Short text fragments from websites:
%%

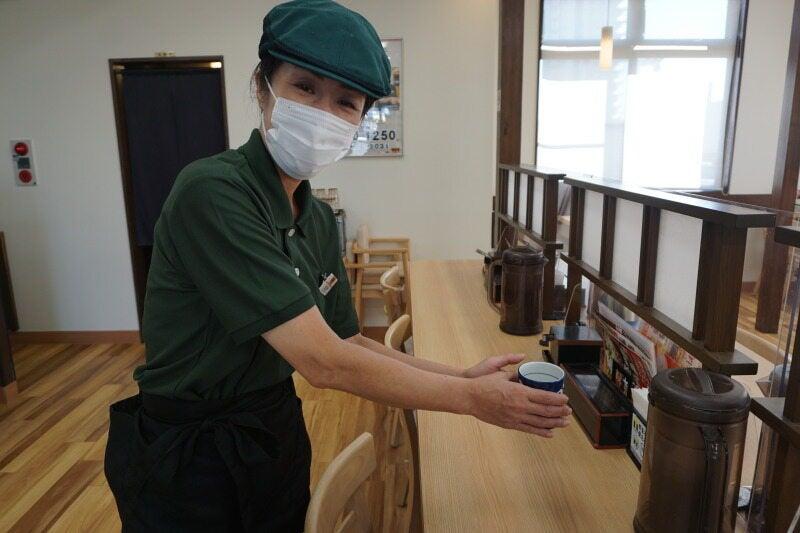 吉野家　153号線和合店の仕事画像3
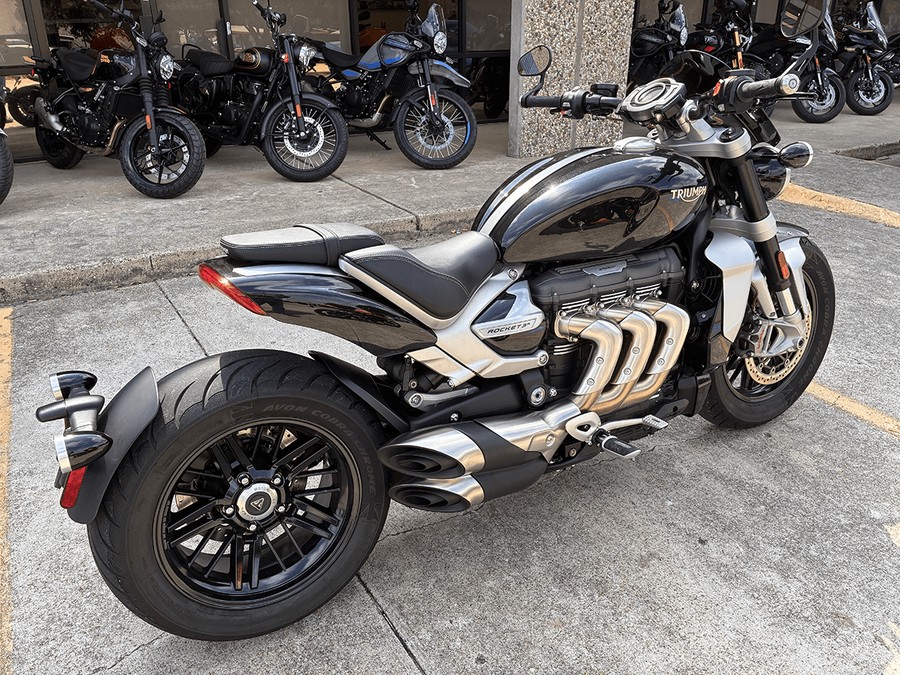 2020 Triumph ROCKET 3 R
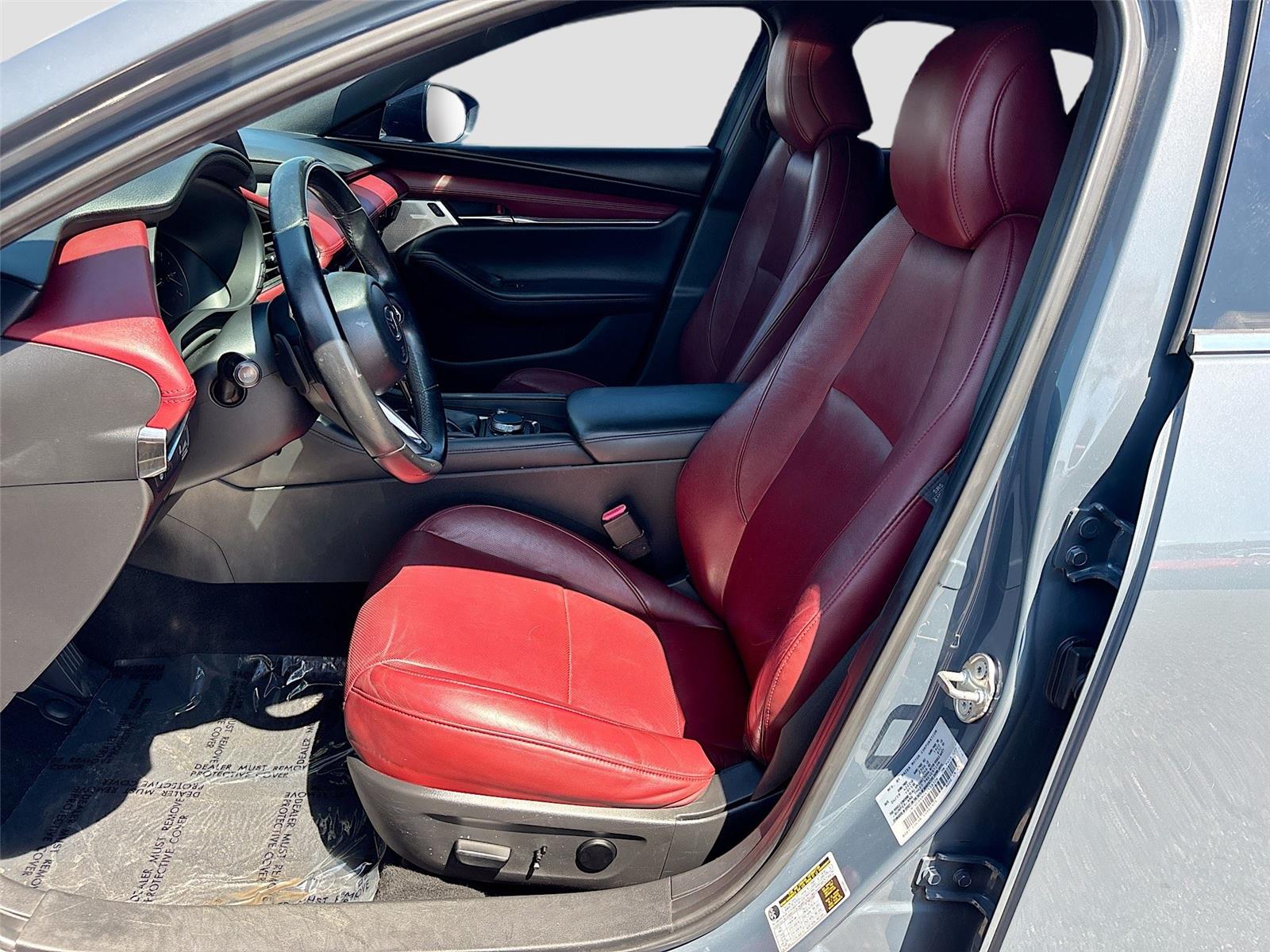 2019 Mazda Mazda3 Hatchback w/Premium Pkg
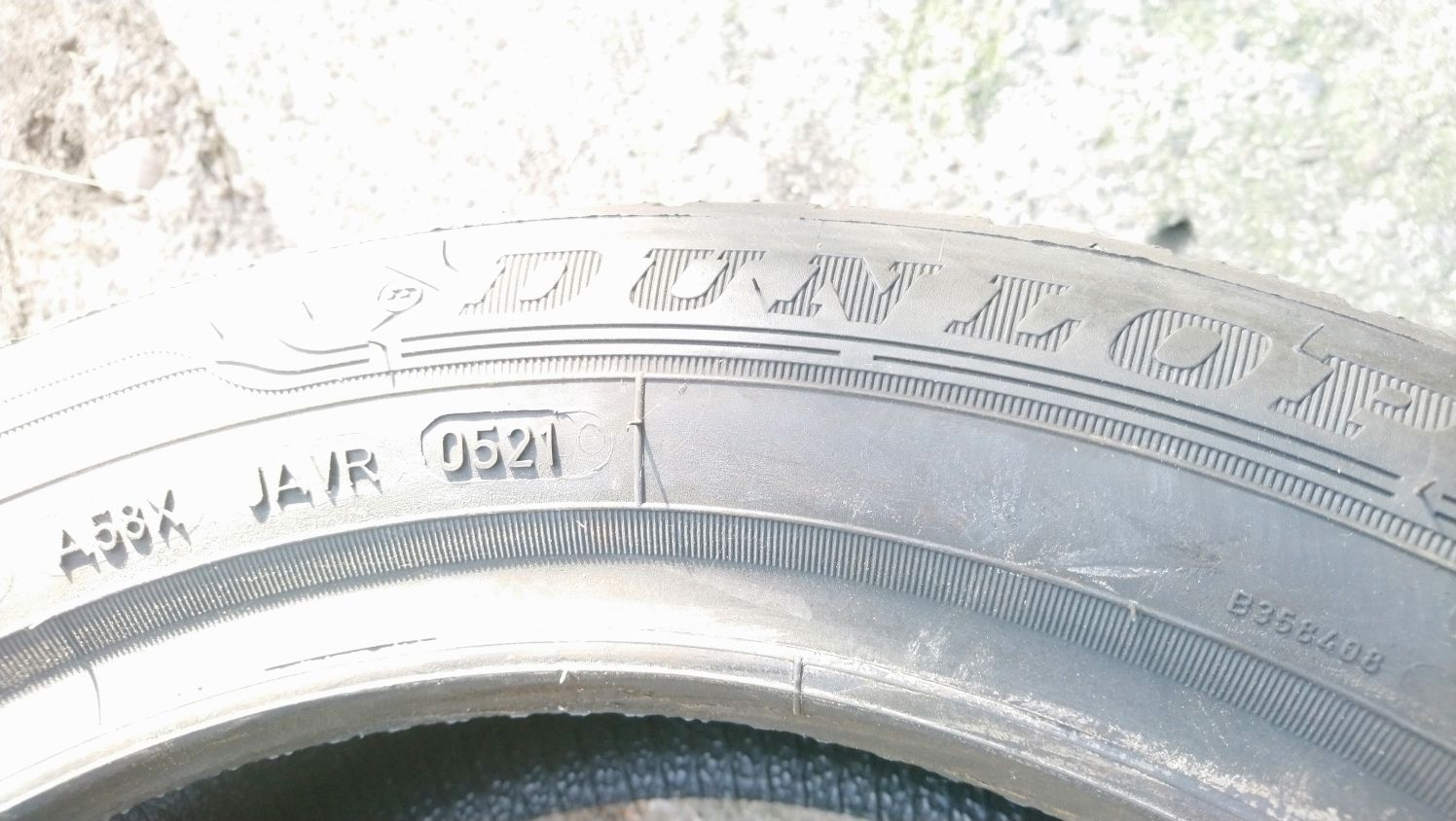 Nowa opona lato 185 55 R15 Dunlop Sport Bluresponse 82V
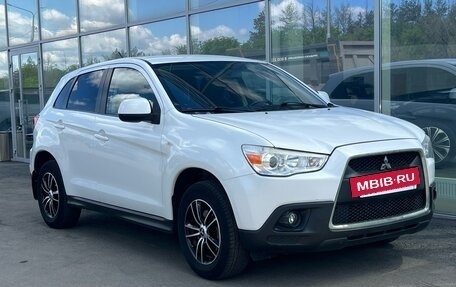 Mitsubishi ASX I рестайлинг, 2012 год, 1 150 000 рублей, 3 фотография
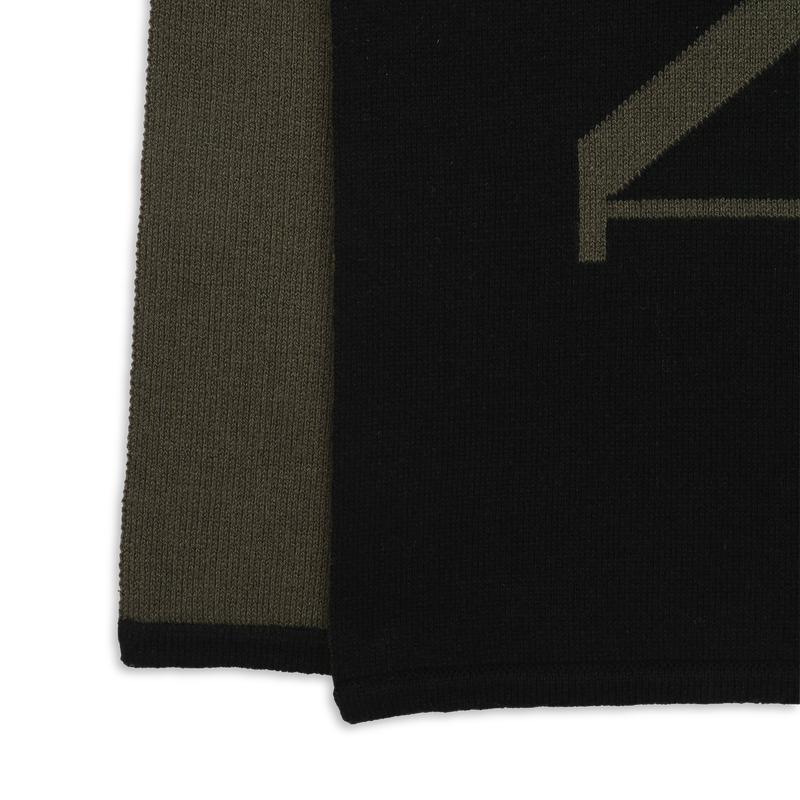 Ensemble bonnet et écharpe LANVIN 
                    GARCON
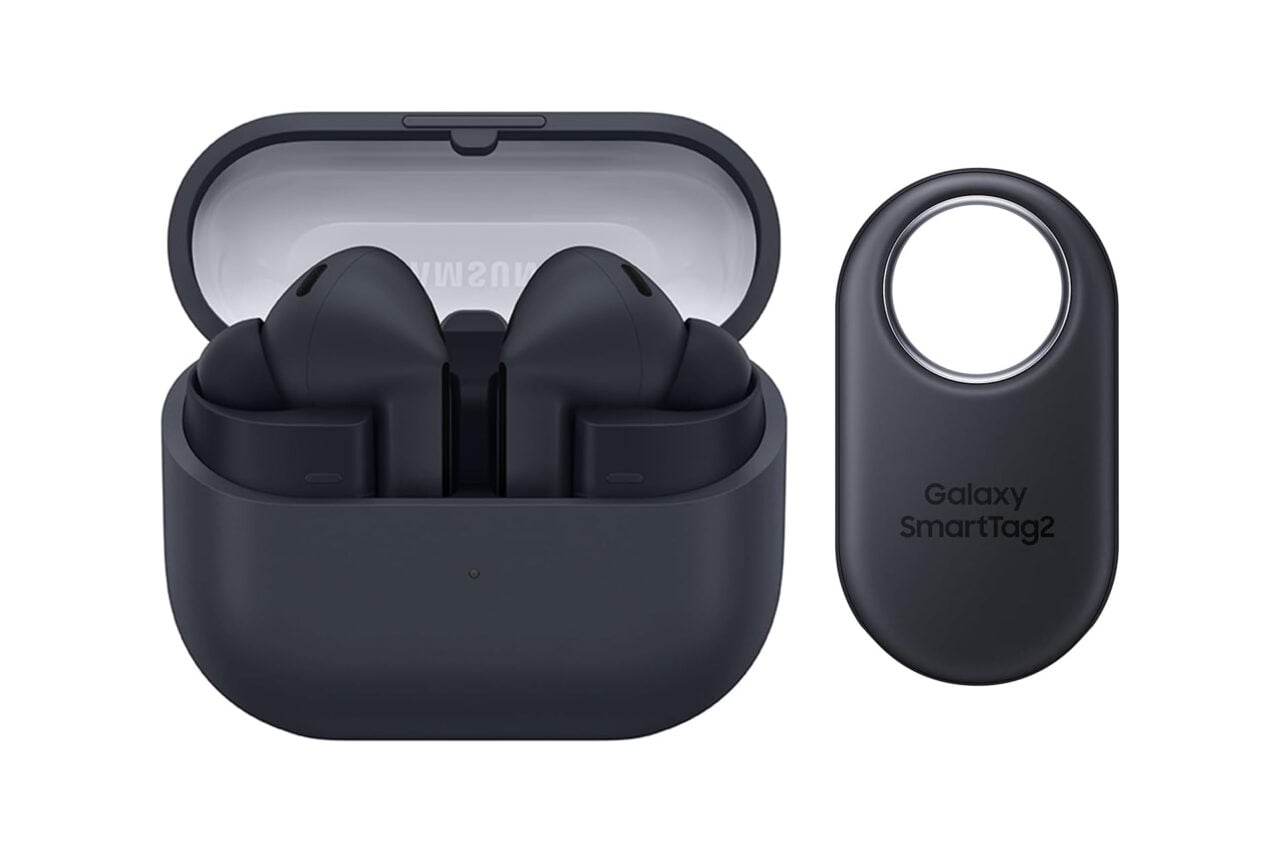Samsung Galaxy Buds 3 FE Deal Throws In a Free SmartTag2 at Record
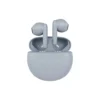 Hörlurar Happy Plugs Joy Lite In-Ear, trådlösa, blå, 29h batteri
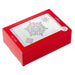 Hallmark Silver Snowflakes Boxed Holiday Cards Pack of 40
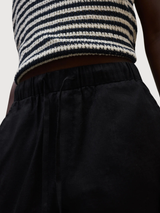 PANTALONI INDI DONNA Nero | ECOALF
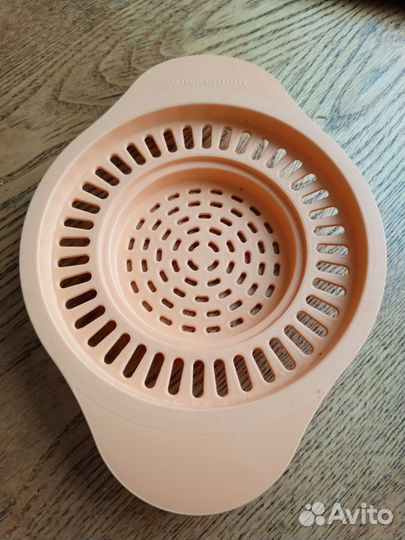 Tupperware дуршлаг для банок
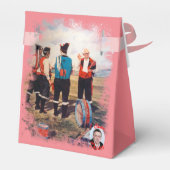 Gaiteros/Gaiteiros/Pipers フェイバーボックス (裏面サイド)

%%

#### Activity:
Each record is to be written out exactly. No picture goes in.

#### Result for this exercise:
 吉野家　153号線和合店の仕事画像3
 2020 Triumph ROCKET 3 R
 2019 Mazda Mazda3 Hatchback w/Premium Pkg
 Nowa opona lato 185 55 R15 Dunlop Sport Bluresponse 82V
 Mitsubishi ASX I рестайлинг, 2012 год, 1 150 000 рублей, 3 фотография
 Ensemble bonnet et écharpe LANVIN 
                    GARCON
Samsung Galaxy Buds 3 FE Deal Throws In a Free SmartTag2 at Record
 Hörlurar Happy Plugs Joy Lite In-Ear, trådlösa, blå, 29h batteri
 Hallmark Silver Snowflakes Boxed Holiday Cards Pack of 40
 PANTALONI INDI DONNA Nero | ECOALF
 Tupperware дуршлаг для банок
 Gaiteros/Gaiteiros/Pipers フェイバーボックス (裏面サイド)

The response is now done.